• [Problem statement]
The line containing "21 Andrea Dr - Photo 1" marks the end: extract everything from the first line of the data through that line, exactly, with no pictures.
════════
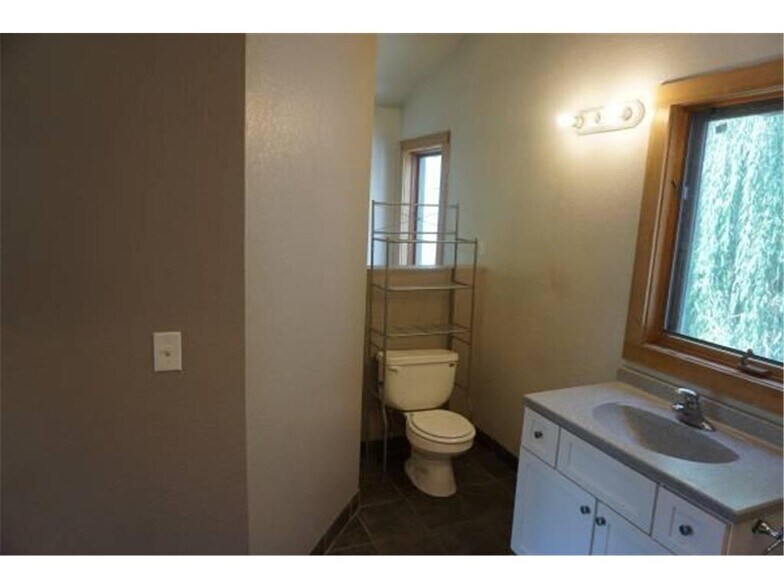 More Photos Of 520 S 2nd St, Mankato Multifamily For Sale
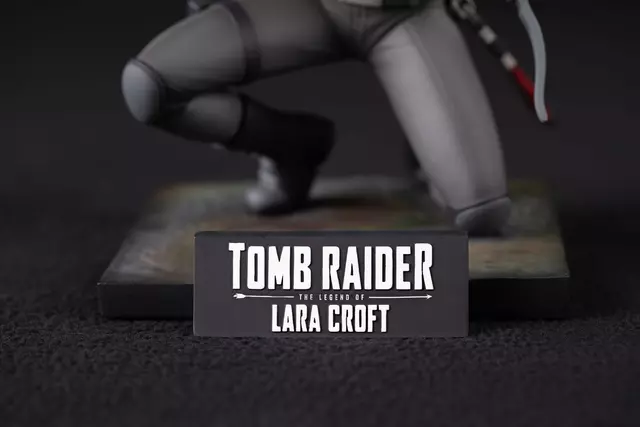 Reservar Figura Lara Croft Tomb Raider: The Legend of Lara Croft Dark Horse 19cm Figuras Estándar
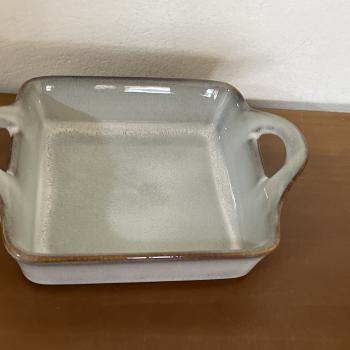 TRAVESSA RETANGULAR CERAMICA  COM ALÇA AREIA 24X18X6CM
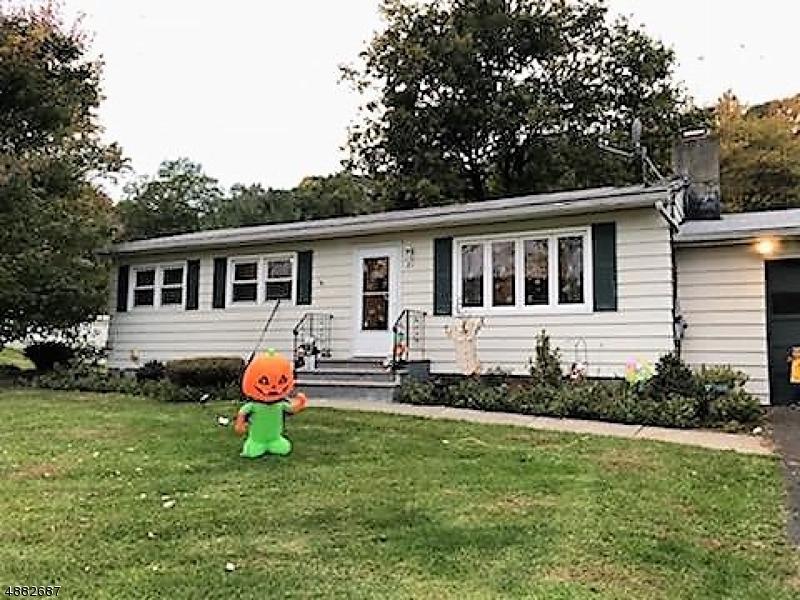 21 Andrea Dr - Photo 1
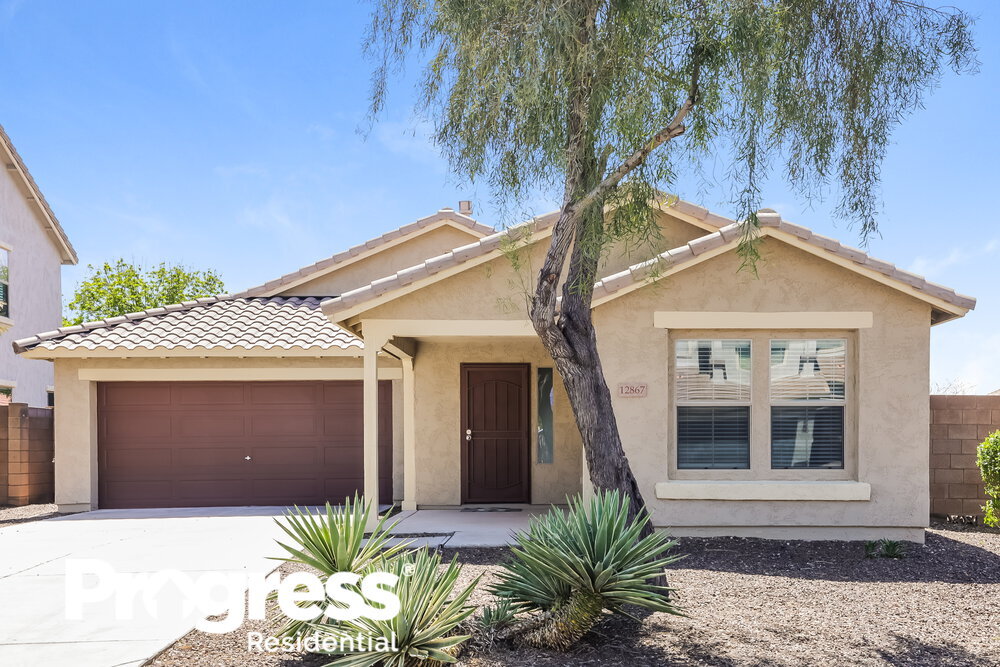 Foto principal - 12867 W Palo Brea Ln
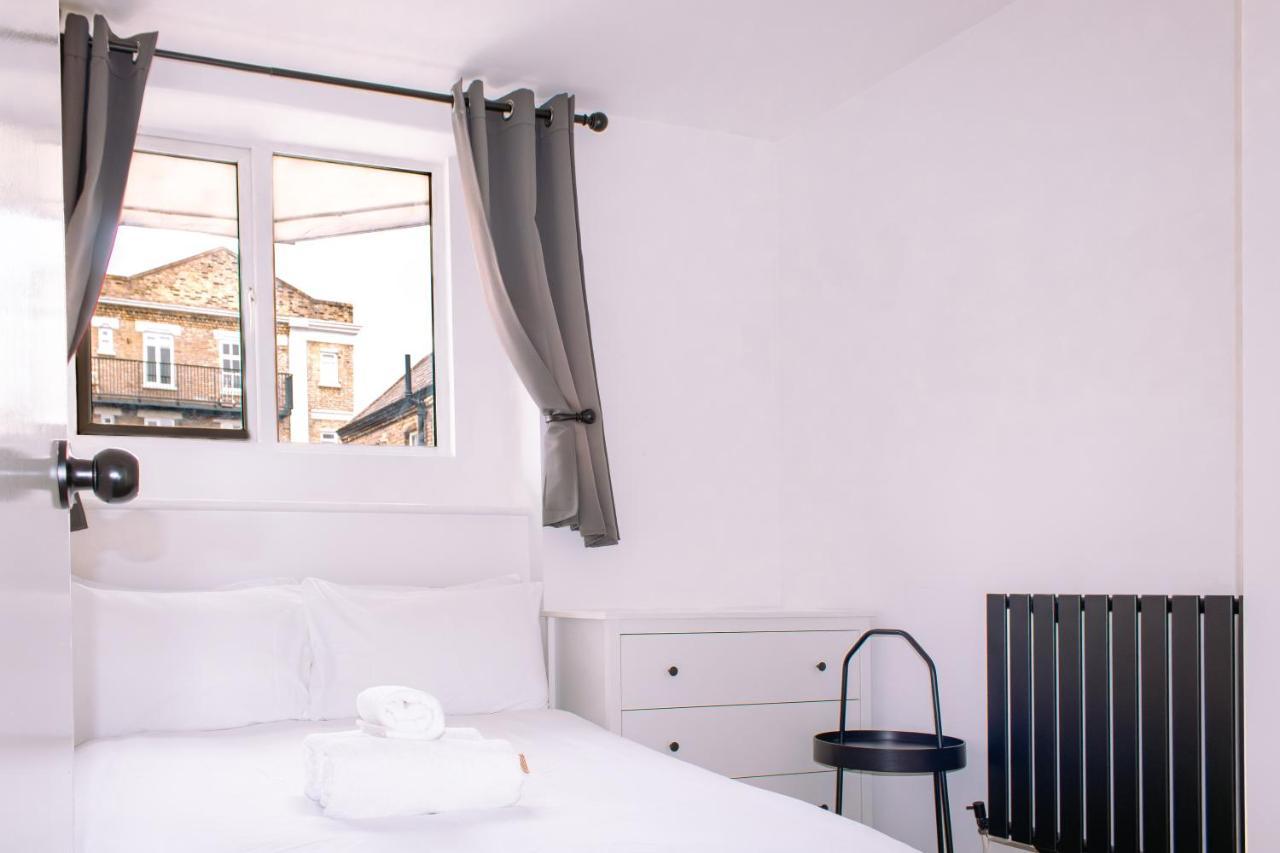 4 Bedroom Near Centre 2-min Walk To Metro !! Business & Family Friendly!! Appartement *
════════
• [Expected answer]
 More Photos Of 520 S 2nd St, Mankato Multifamily For Sale
 Reservar Figura Lara Croft Tomb Raider: The Legend of Lara Croft Dark Horse 19cm Figuras Estándar
 TRAVESSA RETANGULAR CERAMICA  COM ALÇA AREIA 24X18X6CM
 21 Andrea Dr - Photo 1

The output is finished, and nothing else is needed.